### 1. Find the most popular category in each country
Find the most popular Pinterest category people post to based on their country.

Your query should return a DataFrame that contains the following columns:

- country
- category
- category_count, a new column containing the desired query output

In [None]:
sql_df1 = spark.sql("""
                WITH category_totals AS (
                    SELECT
                        country,
                        category,
                        COUNT(category) as category_count
                    FROM
                        hilla_pin
                    INNER JOIN
                        hilla_geo ON hilla_pin.ind = hilla_geo.ind
                    GROUP BY
                        country,
                        category
                ), category_ranks AS (
                    SELECT
                        country,
                        category,
                        category_count,
                        RANK() OVER (
                            PARTITION BY country
                            ORDER BY category_count DESC
                        ) as category_rank
                    FROM category_totals
                )
                SELECT
                    country,
                    category,
                    category_count
                FROM
                    category_ranks
                WHERE
                    category_rank = 1
                ORDER BY country;
                        """)

sql_df1.write.mode("overwrite").parquet("/tmp/parquet/most_popular_category_per_country")

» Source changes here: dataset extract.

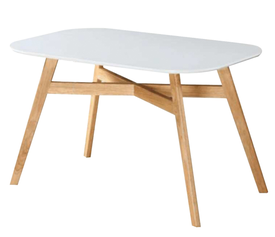 RANDY PLUS 120Χ80Χ75εκ.ΤΡΑΠΕΖΙ ΛΕΥΚΟ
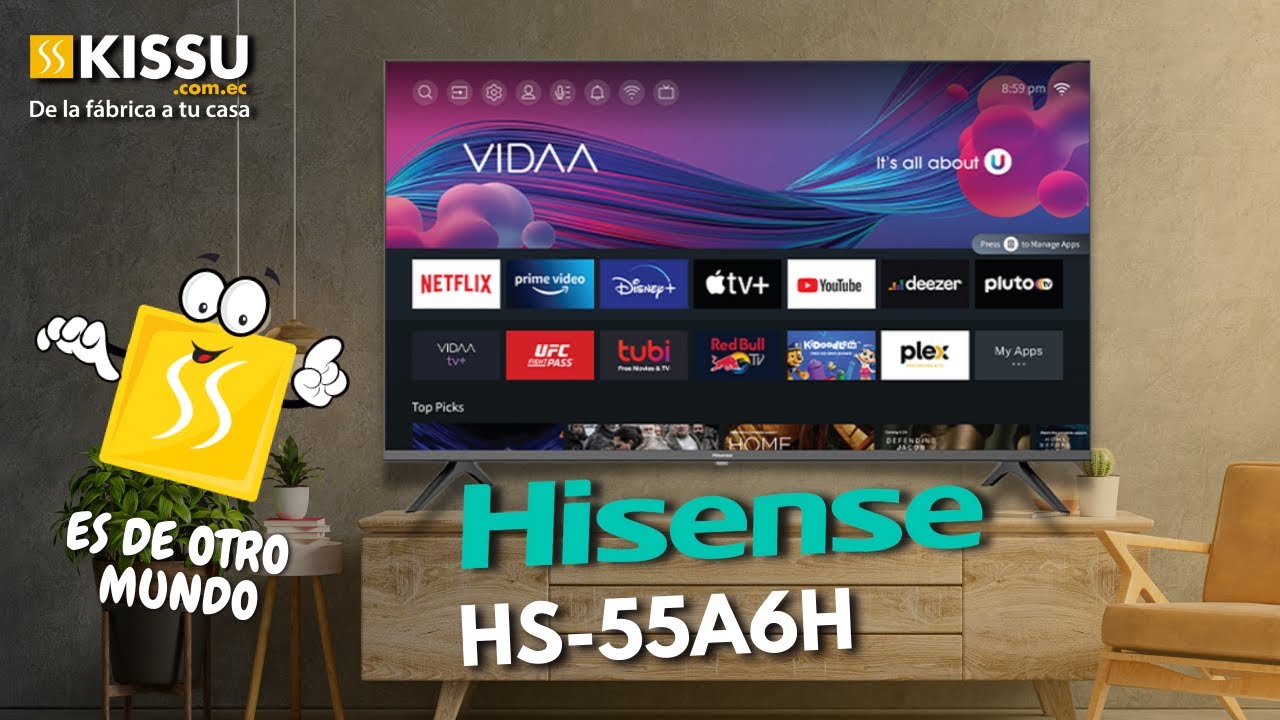 1 Telecomando Universale Per Smart TV Hisense, Compatibile Con Smart TV Hisense Vidaa 4k Hdtv Fhd Qled Lcd Led 77652378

### 2. Find which was the most popular category each year

Find how many posts each category had between 2018 and 2022.

Your query should return a DataFrame that contains the following columns:
- post_year, a new column that contains only the year from the timestamp column
- category
- category_count, a new column containing the desired query output

In [None]:
sql_df2 = spark.sql("""
            FROM (
                SELECT
                    date_part('year', timestamp) as post_year,
                    category,
                    COUNT(category) as category_count
                FROM
                    hilla_pin
                INNER JOIN
                    hilla_geo ON hilla_pin.ind = hilla_geo.ind
                GROUP BY
                    post_year,
                    category
            )
            SELECT
                post_year,
                category,
                category_count
            WHERE
                post_year BETWEEN 2018 and 2022
            ORDER BY
                post_year,
                category_count DESC;
                        """)
sql_df2.write.mode("overwrite").parquet("/tmp/parquet/most_popular_category_per_year")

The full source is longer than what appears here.